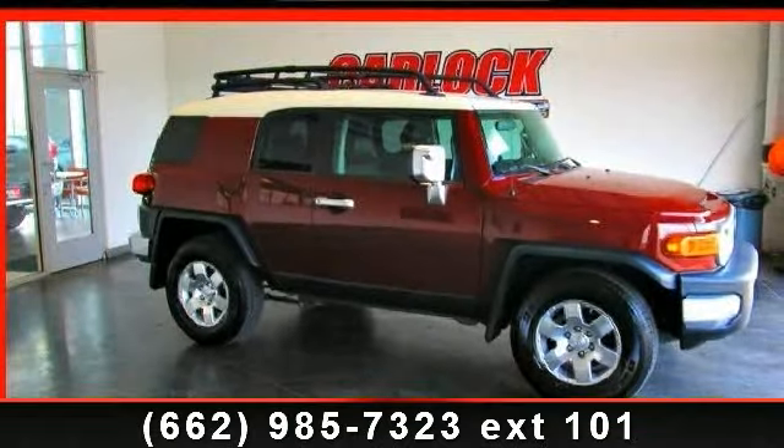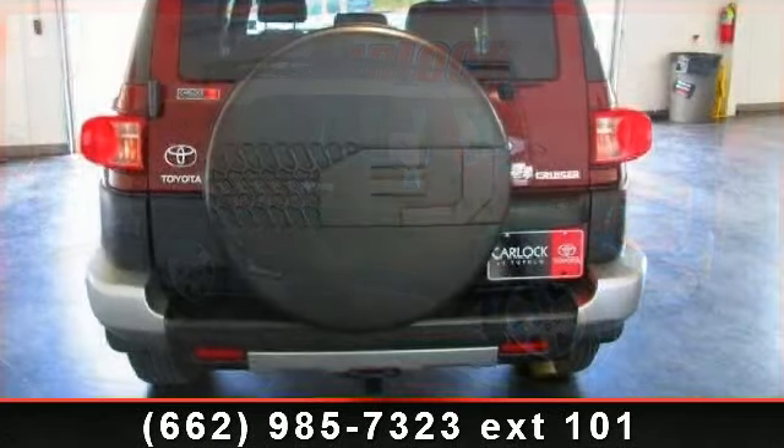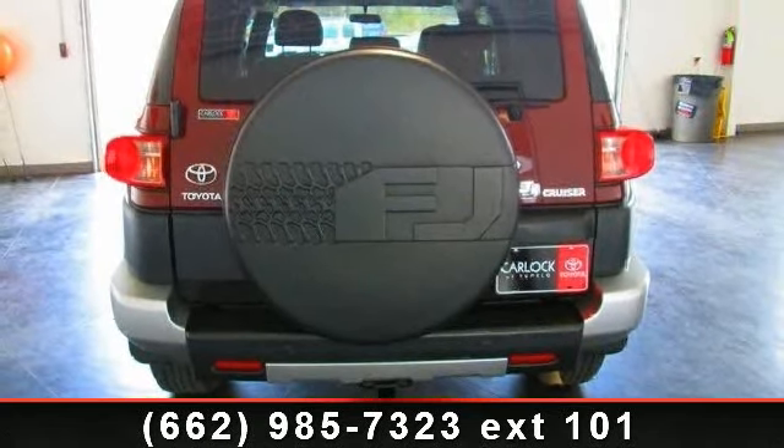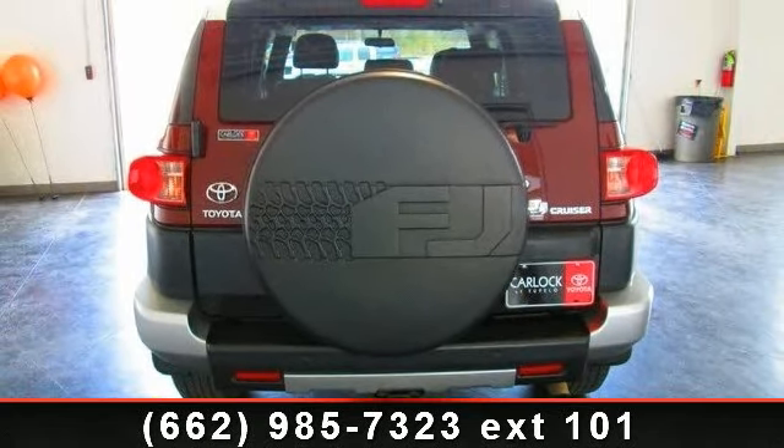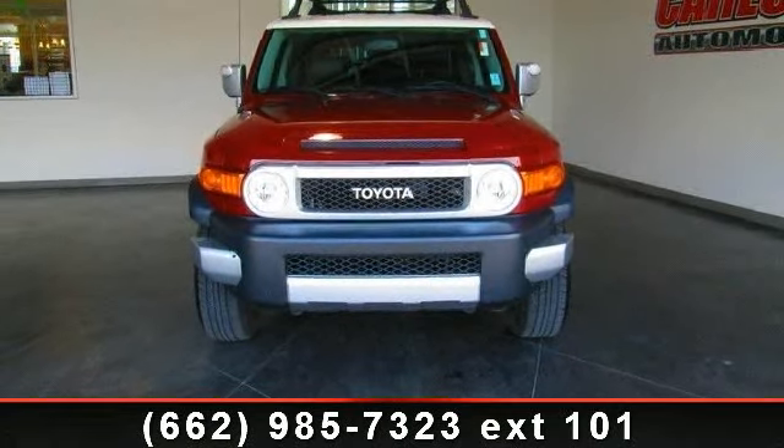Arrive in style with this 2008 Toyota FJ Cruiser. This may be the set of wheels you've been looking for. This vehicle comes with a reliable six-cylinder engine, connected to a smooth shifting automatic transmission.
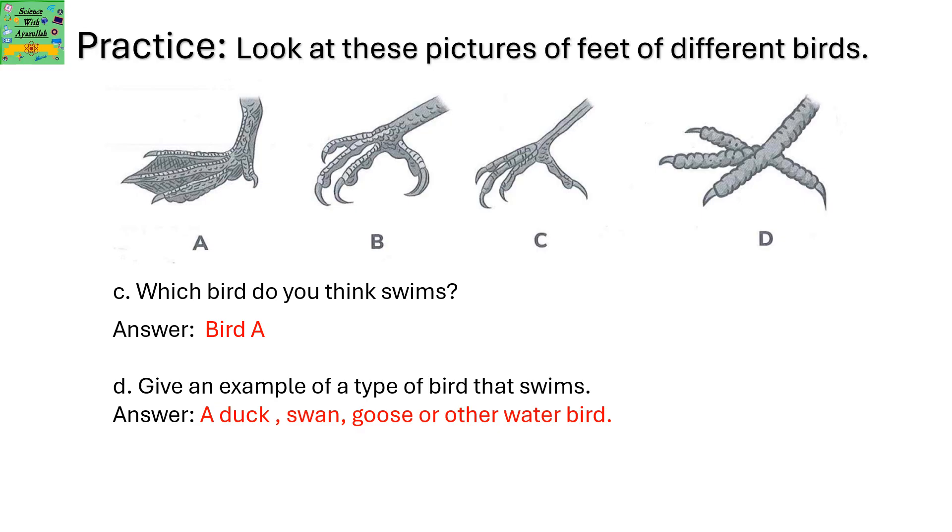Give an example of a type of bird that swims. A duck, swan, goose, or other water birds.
######
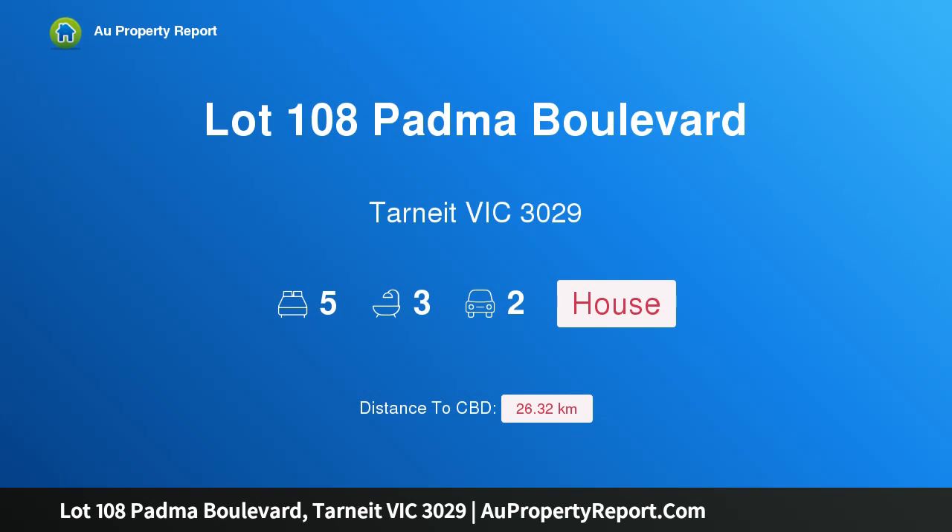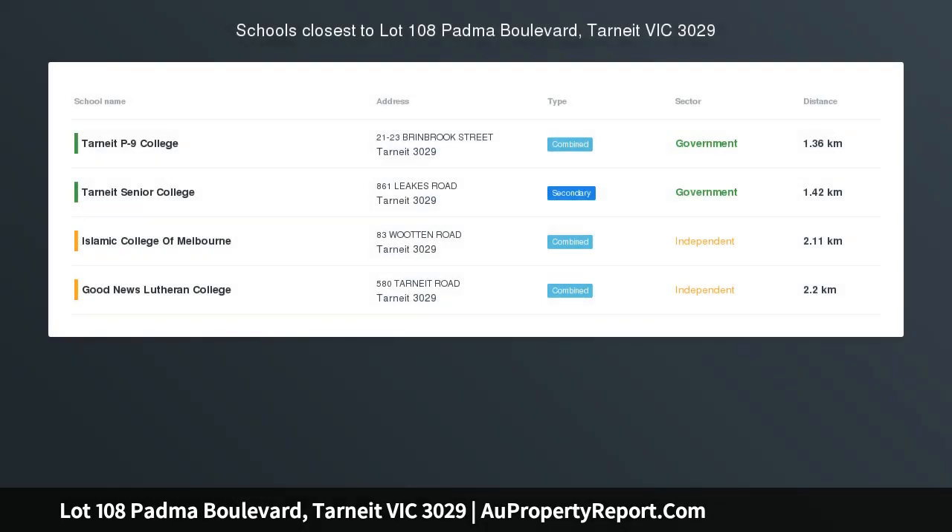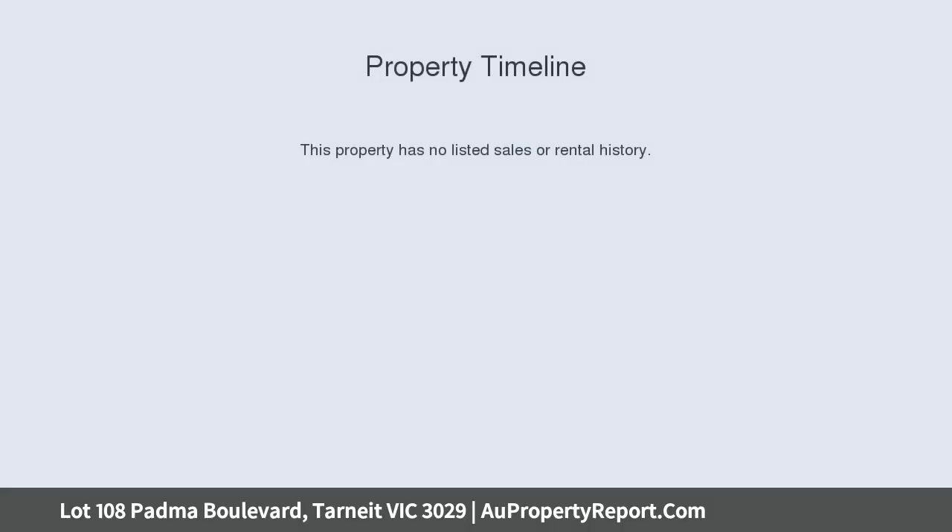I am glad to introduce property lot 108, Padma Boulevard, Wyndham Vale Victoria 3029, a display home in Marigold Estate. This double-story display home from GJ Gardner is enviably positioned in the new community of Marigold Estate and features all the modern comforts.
######
# Prompt
Working from the records above, set down word for word everything from the line containing "Arrive in style" down to the line containing "Give an example", ends included, minus the pictures.

# Result
Arrive in style with this 2008 Toyota FJ Cruiser. This may be the set of wheels you've been looking for. This vehicle comes with a reliable six-cylinder engine, connected to a smooth shifting automatic transmission.
Give an example of a type of bird that swims. A duck, swan, goose, or other water birds.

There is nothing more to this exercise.